Kenanga Research & Investment

Engtex Group - High-Cost Inventory Weighs

kiasutrader
Publish date: Fri, 25 Aug 2023, 03:08 PM

ENGTEX’s 1HFY23 results disappointed. Its 1HFY23 net profit plunged 84% YoY on lower demand and margin contraction. On a brighter note, we see value in its large-diameter mild steel (MS) pipes and ductile iron (DI) pipes used in water projects. We cut our FY23F and FY24F earnings by 45% and 35%, respectively, but maintain our TP of RM0.58 and MARKET PERFORM call.

Below expectations. Its 1HFY23 core net profit of RM5m disappointed, coming in at only 25% and 13% of our full-year forecast and the full-year consensus estimate, respectively. The key variance against our forecast largely came from the softer demand and lower-than-expected margins for its generic steel products.

Results’ highlights. YoY, its 1HFY23 revenue eased 2% mainly due to lower demand and weaker prices for its steel products. Its core net profit plunged by a larger 84%, weighed down by the double-whammy of weaker ASP but higher inventory cost (i.e. hot rolled coil, wire rod and scrap metal).

Outlook. On the assumption of a stable economic outlook, we expect the demand for ENGTEX’s generic steel products to recover as it is poised to benefit from the revival of water projects nationwide as the new unity government settles in and starts to embark on the roll-out of public infrastructure projects to reduce NRW from 34% in 2020 to 25% by 2025, and 15% by 2049.

Forecasts. We cut our FY23F and FY24F net profit forecasts by 45% and 35%, respectively, to reflect a softer demand and lower margins for generic steel products which is still its key earnings driver.

Our TP remains at RM0.58, despite the change in our valuation basis to 0.3x P/B, at a 50% discount to 0.6x P/B for peer HIAPTEK given ENGTEX’s relatively smaller market capitalisation. We previously valued it at 7x FY24F PER, at a discount to 9x forward PER of HIAPTEK. There is no adjustment to our TP based on ESG given a 3-star rating as appraised by us (see Page 4).

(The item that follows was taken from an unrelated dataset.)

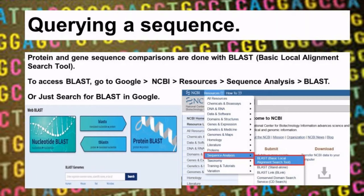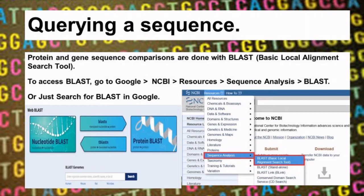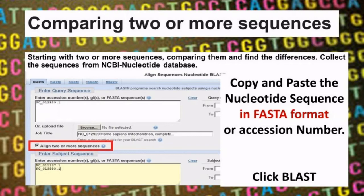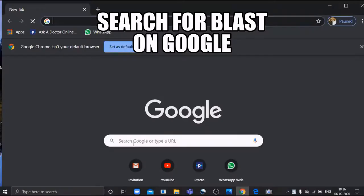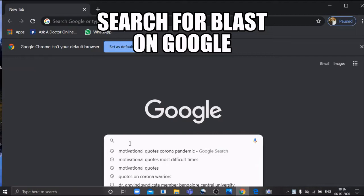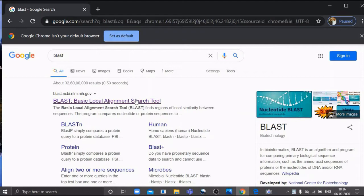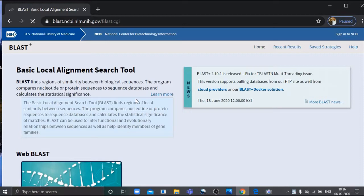This is how you query a sequence using the BLAST tool. You need to access the BLAST tool available on the internet, and you require the sequence in FASTA format — whether it is a protein or nucleotide sequence. To find the tool, go to Google and search for BLAST, and you will find it available on the NCBI homepage.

Investment thesis. We continue to like ENGTEX for: (i) the huge potential in the water pipe replacement market locally, (ii) its dominant market position in both large-diameter MS pipes and DI pipes, and (iii) its strong earnings visibility underpinned by significant order backlogs and a strong pipeline of new projects. However, its generic steel products will continue to be a drag given their high-cost inventories, eating into the already thin margins. Maintain MARKET PERFORM.

Risks to our call include: (i) volatility in input costs and end-product selling prices, and (ii) the rollout of water infrastructure projects.